Retype the tail of the data exactly, starting at the line containing "Gold Suns ANZAC" and stopping at the last line.

THE RECORDS
Segment Open

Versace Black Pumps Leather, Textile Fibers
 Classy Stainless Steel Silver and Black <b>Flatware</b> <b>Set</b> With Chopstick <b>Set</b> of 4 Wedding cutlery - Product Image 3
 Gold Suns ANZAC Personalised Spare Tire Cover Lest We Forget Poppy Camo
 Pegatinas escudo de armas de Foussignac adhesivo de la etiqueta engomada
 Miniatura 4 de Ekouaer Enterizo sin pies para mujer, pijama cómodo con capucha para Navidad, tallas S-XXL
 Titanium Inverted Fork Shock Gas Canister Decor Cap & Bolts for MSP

Segment Closed

WRITTEN RESPONSE
 Gold Suns ANZAC Personalised Spare Tire Cover Lest We Forget Poppy Camo
 Pegatinas escudo de armas de Foussignac adhesivo de la etiqueta engomada
 Miniatura 4 de Ekouaer Enterizo sin pies para mujer, pijama cómodo con capucha para Navidad, tallas S-XXL
 Titanium Inverted Fork Shock Gas Canister Decor Cap & Bolts for MSP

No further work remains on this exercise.